Click the link to view Sr. Kathryn’s Life Profession:
https://www.dropbox.com/s/4nzm9f41phltnxg/Sr.%20Kathryn%27s%20Life%20Profession.mp4?dl=0

By Rev. Joanne Davies.

Peter said… “Look we have left everything and followed you. What then will we have?”

Today we will hear Sister Kathryn giving her life – every faculty of body, mind and soul – to God’s service. To be utterly consumed in divine love.

Peter might ask…What then will be had? … The joy of seeking the goodness of God in all life and for all life.  And the loving struggle of living well together. The living from the encompassing of God every day, every prayer, and every action. And being, or striving to be, or constantly discovering the being of the fullness of the reality of oneself, the person God knows. To know other lives depend on the ordinary moments of one’s life. To know accountability to one’s community of life. And to have rest in God.

St. Hilda knew this and is with us today …

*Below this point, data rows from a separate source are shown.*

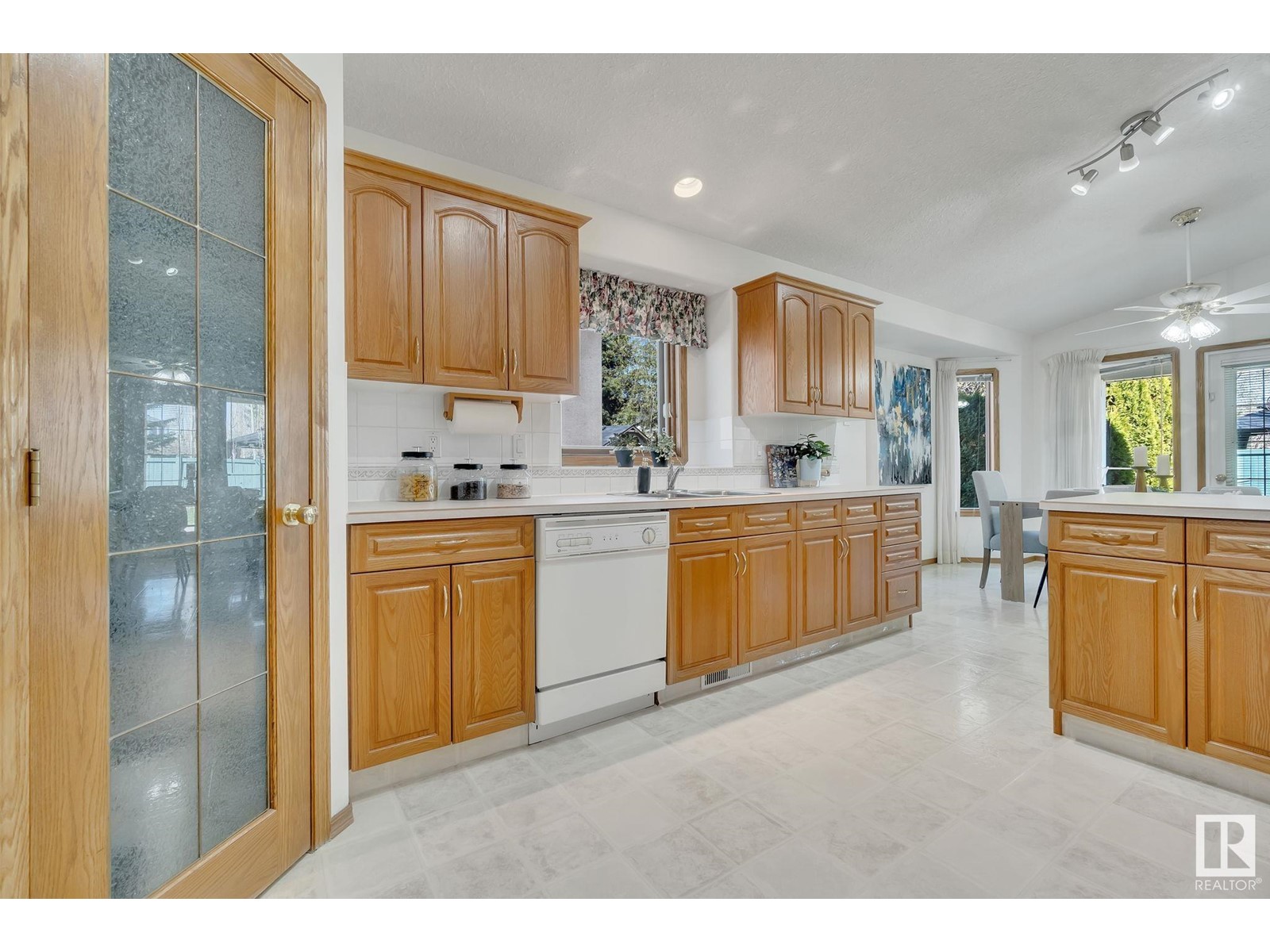 158 Blackburn Dr W Sw, Edmonton, Alberta  T6W 1B7 - Photo 11 - E4433931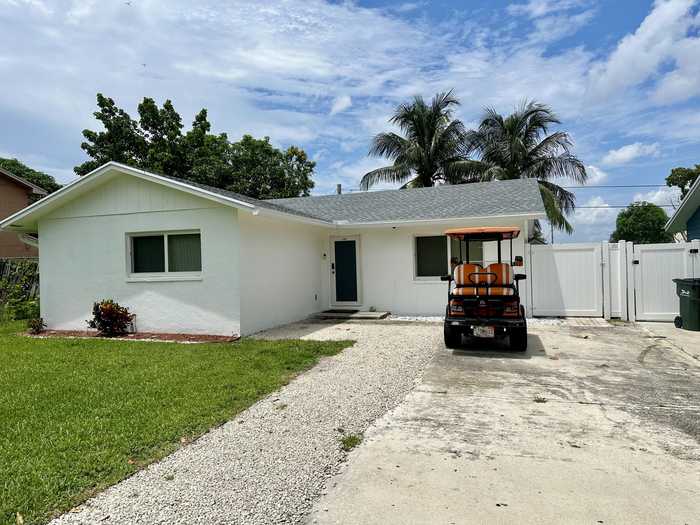 photo 1: 119 5th Street, Delray Beach FL 33483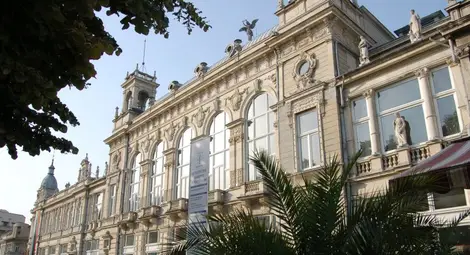 Театърът подарява на децата  за 1 юни &bdquo;Приказките на баба&ldquo;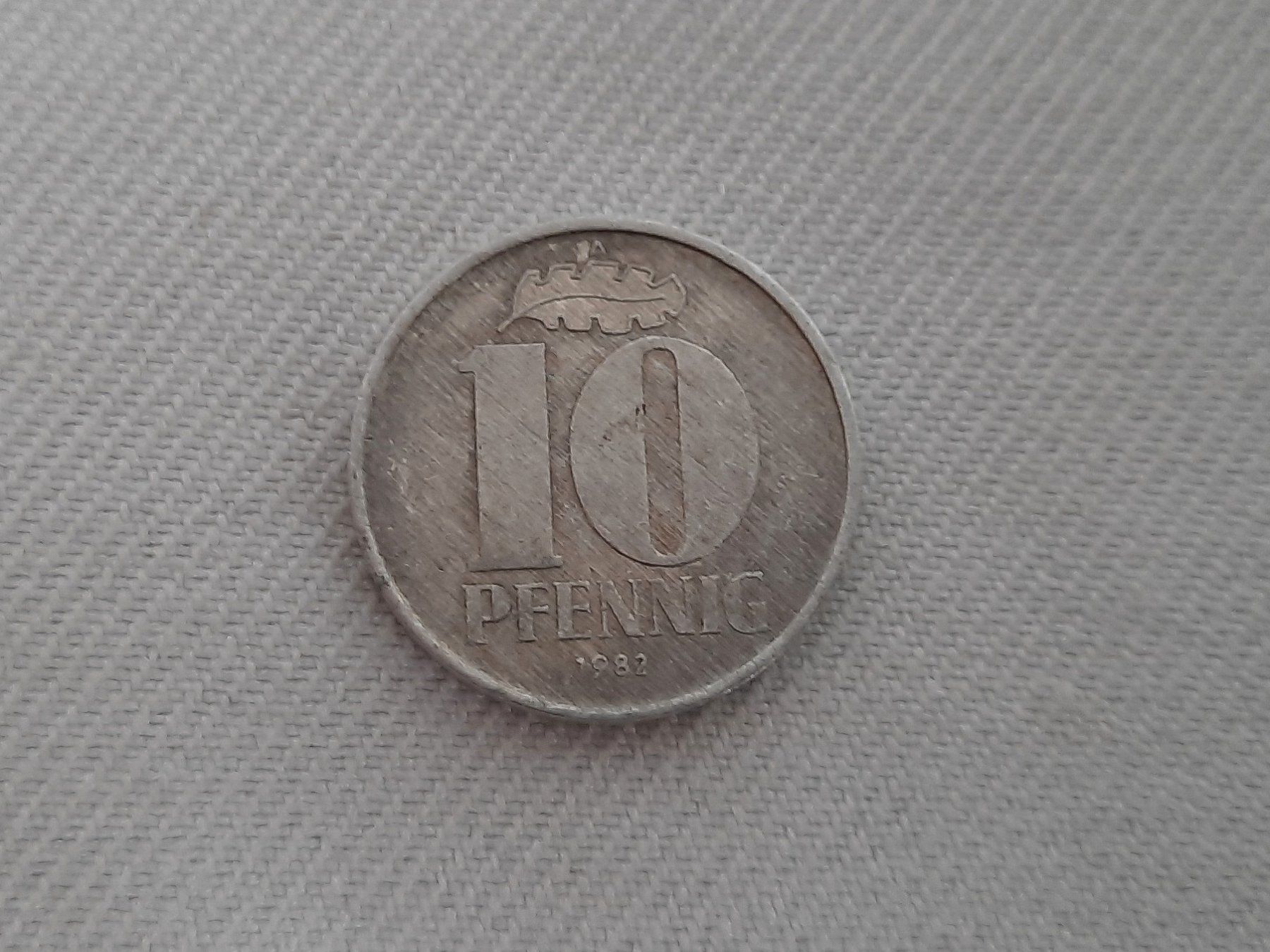 Tutti le monete: Münzen der DDR, Mark und Pfennig – Usato da Beinwil am See venduto da Restwert_Beinwil 6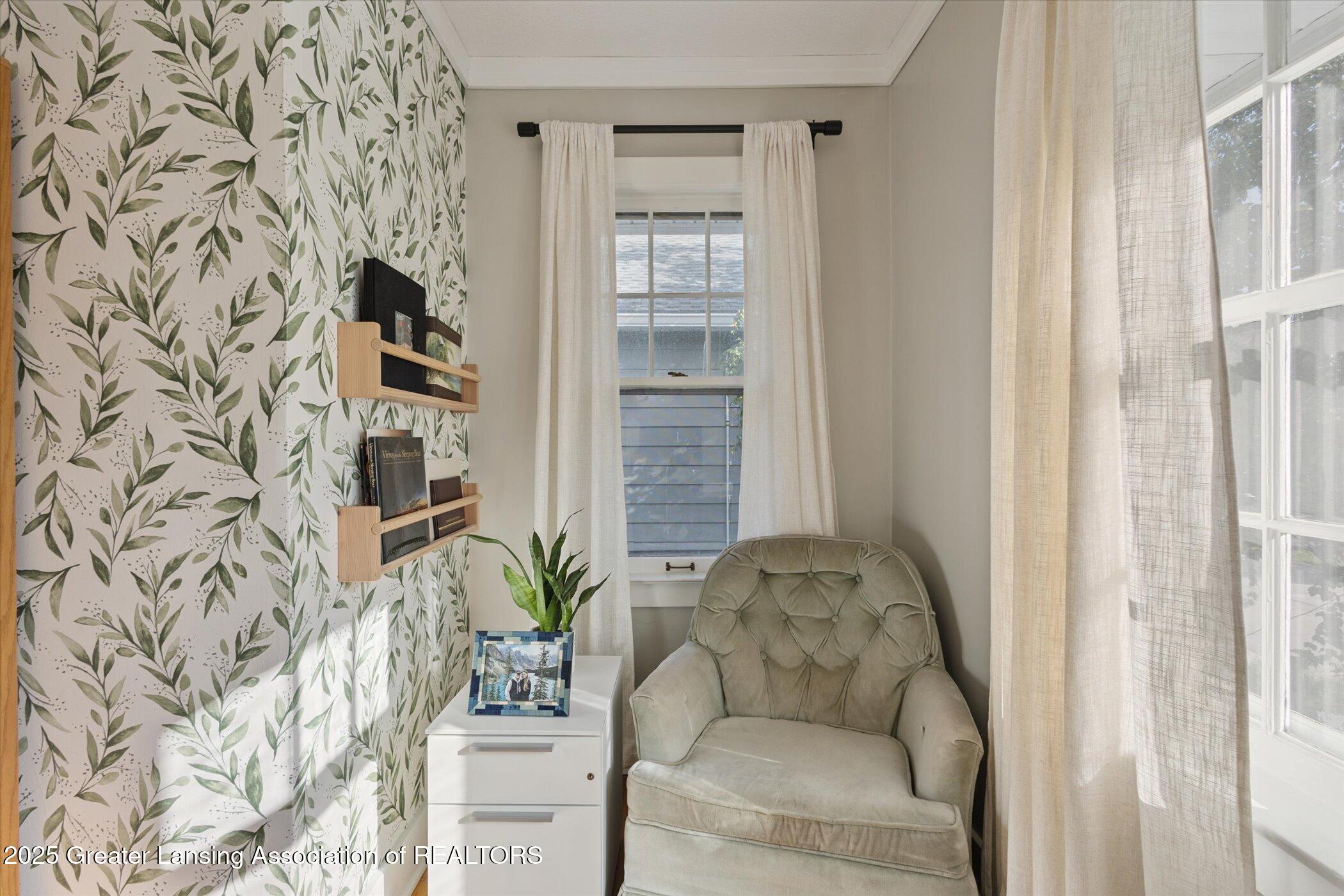 145 NE Baynton Avenue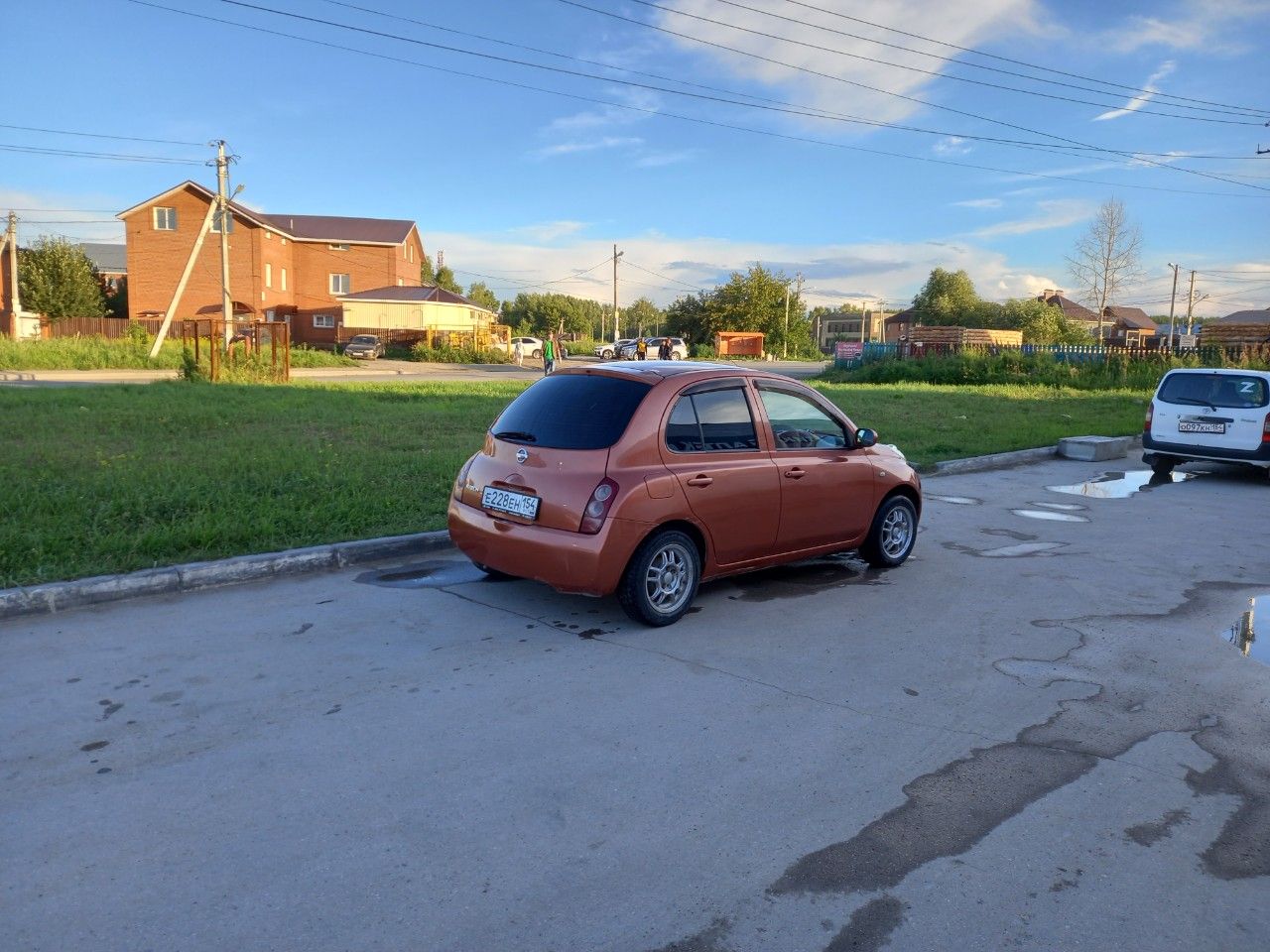 Nissan March: фото владельца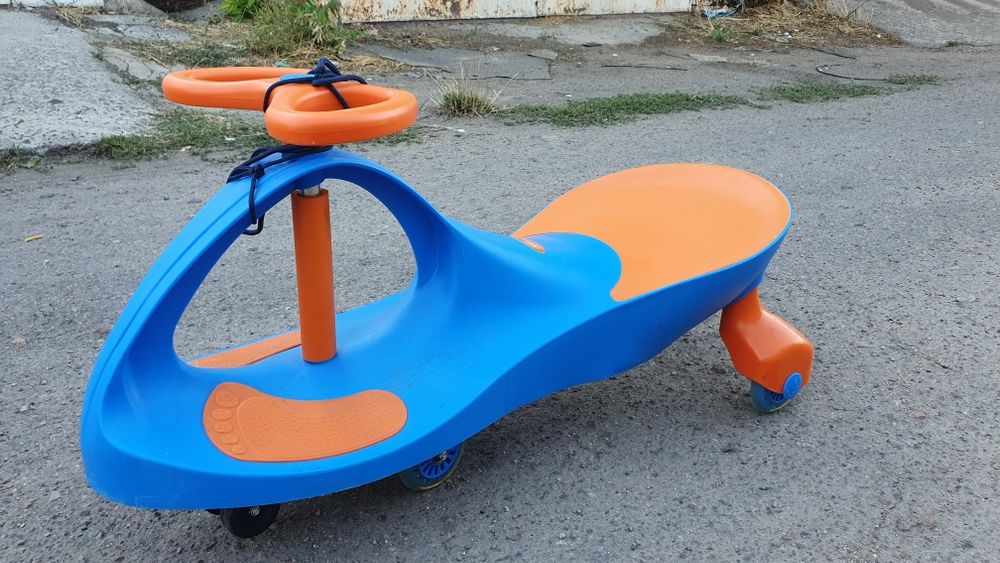 Машинка- самокат.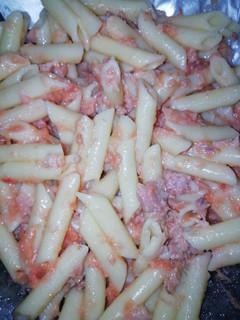 Una foto de Macarrones con tomate natural y atún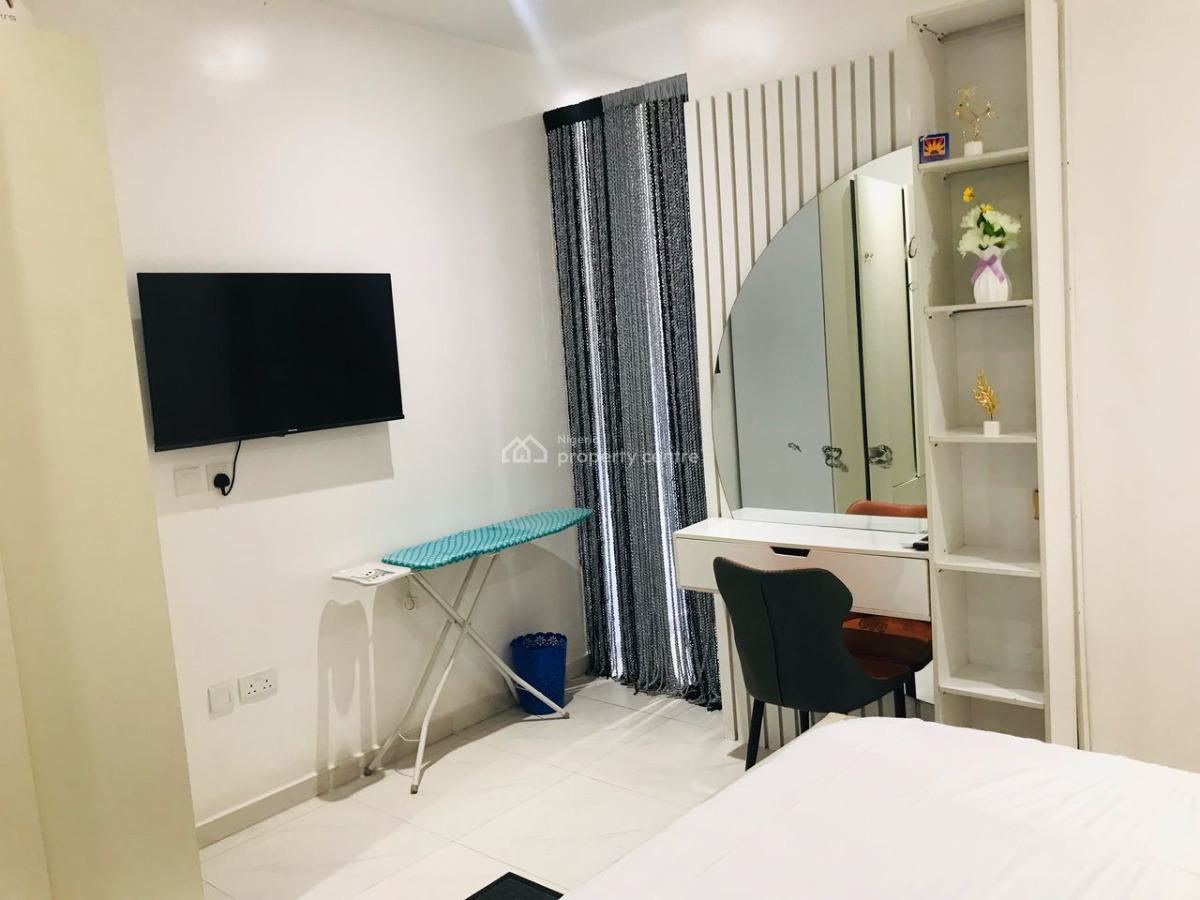 Spacious 1 Bedroom Apartment with Ps5 & Snooker, Aromire Road, Allen, Ikeja, Lagos, Mini Flat (room and Parlour) Short Let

As Sister Kathryn makes her life profession today, she will be surrounded by the spiritual strength of the English and Celtic life profession of St. Hilda.   

It’s been at least 40 years, if not more, since I was last in Whitby. And stood on the cliff. In the Abbey that is. Deep beneath that place are the living stones of Hilda’s once Celtic Monastery telling their story. I felt gathered into something so much more than me – yet I felt revealed to myself.  Experiencing the presence of God and hearing the life teachings of Hilda I felt imprinted by a life I didn’t know but mysteriously longed for. A vocation only dimly known. Peace was within those broken walls. It was Love calling through all the cracks and spaces.  

 Hilda was Anglo Saxon but learned the infinite loving path of endings and beginnings of Celtic spirituality and all it meant to profess her life to living as a Celtic Sister. To teach that monastic life would be the best lead to the church. The venerable Bede, who made sure Hilda’s story was told, spoke of a strong woman naming her as a leader in pursuing  peace, justice and love.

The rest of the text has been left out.